Same sh!t, different car.


----------



## Ti22 (Mar 24, 2009)

you missed a bit....


----------



## markcoznottz (Nov 13, 2005)

Insert various quotes depending on day of week ,which way the winds blowing etc. Usually from... passers by, mates of mates, workmates, dole dossers if you are unlucky enough to be working near members of the public.......etc etc

*'How much do you charge'* - Charge for f**king what?. You havent asked me what job you need doing plus you havent even got a clue what Im doing, come to think of it you probably dont own a car!. Ive just caught your attention on your trip out to buy scratch cards.

*'What polish do you use?'*
Well its trade comes in 5 litres, starts walking off while im explaining it....

*'I clean my car at the weekend , I use Mer'. *Lovely, good for you, thanks for that nugget of information.

*'Are you using autoglym my mates says its the best'.* Erm there are other brands available.

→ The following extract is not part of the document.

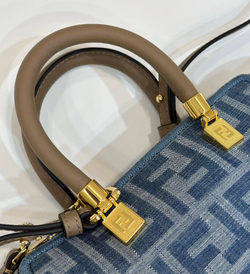 Fendi By The Way Mini 20 cm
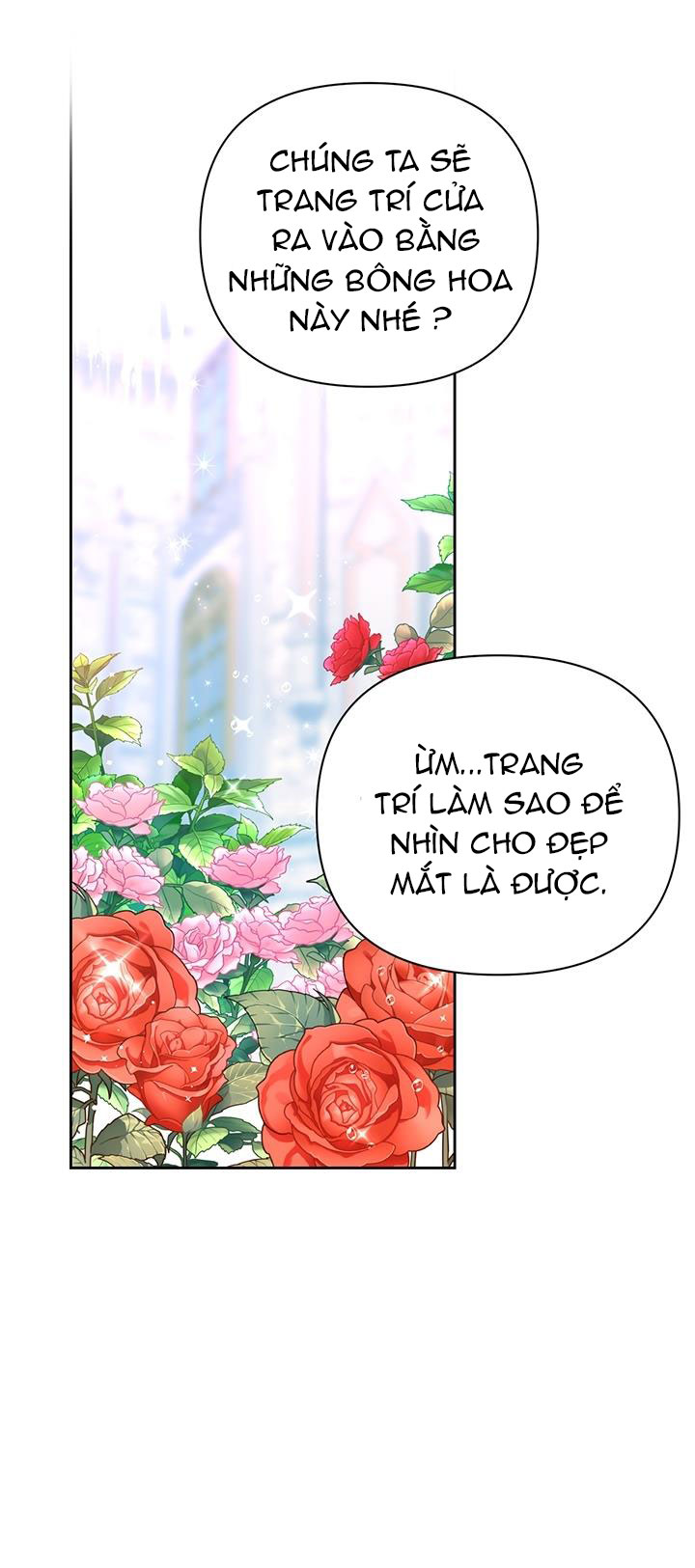 đây là cuộc hôn nhân lừa đảo chapter 1.1 3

Or the absolute classic, *'You missed a bit/ you can do mine next'*
Let me think, how about no. They arent funny or orginal and now I hate you.


----------



## Envy Car Care (Aug 17, 2006)

"I used to be a valeter too"


----------



## HeavenlyDetail (Sep 22, 2006)

I prefer the mcdonlds before i start when the bird says "sorry about the wait and i reply "Its ok love you,ll lose it eventually"


----------



## The_Bouncer (Nov 24, 2010)

markcoznottz said:


> *'How much do you charge'* - Charge for f**king what?. You havent asked me what job you need doing plus you havent even got a clue what Im doing, come to think of it you probably dont own a car!. Ive just caught your attention on your trip out to buy scratch cards.
> .


:lol:


----------



## ADW (Aug 8, 2010)

Heavenly said:


> I prefer the mcdonlds before i start when the bird says "sorry about the wait and i reply "Its ok love you,ll lose it eventually"


:lol:


----------



## ADW (Aug 8, 2010)

envy valeting said:


> "i used to be a valeter too"


 .


----------



## mk2glenn (Sep 12, 2010)

"That scratch was there before I moved the car wasn't it?" :doublesho


----------



## TelTel (Aug 21, 2010)

*CUSTOMER* "can you clean my car Tel" 
*MOI* yes i ****in can fella, but I'll have to wash your car before its clean tho. lol

I've got a few with that, with slight confusement ha ha :lol:


----------



## SNAKEBITE (Feb 22, 2010)

"You can do mine if you want" - I do good rates.
"You'll make it rain" - Yawn
"All the paint will come off"- By this stage I just ignore them.


----------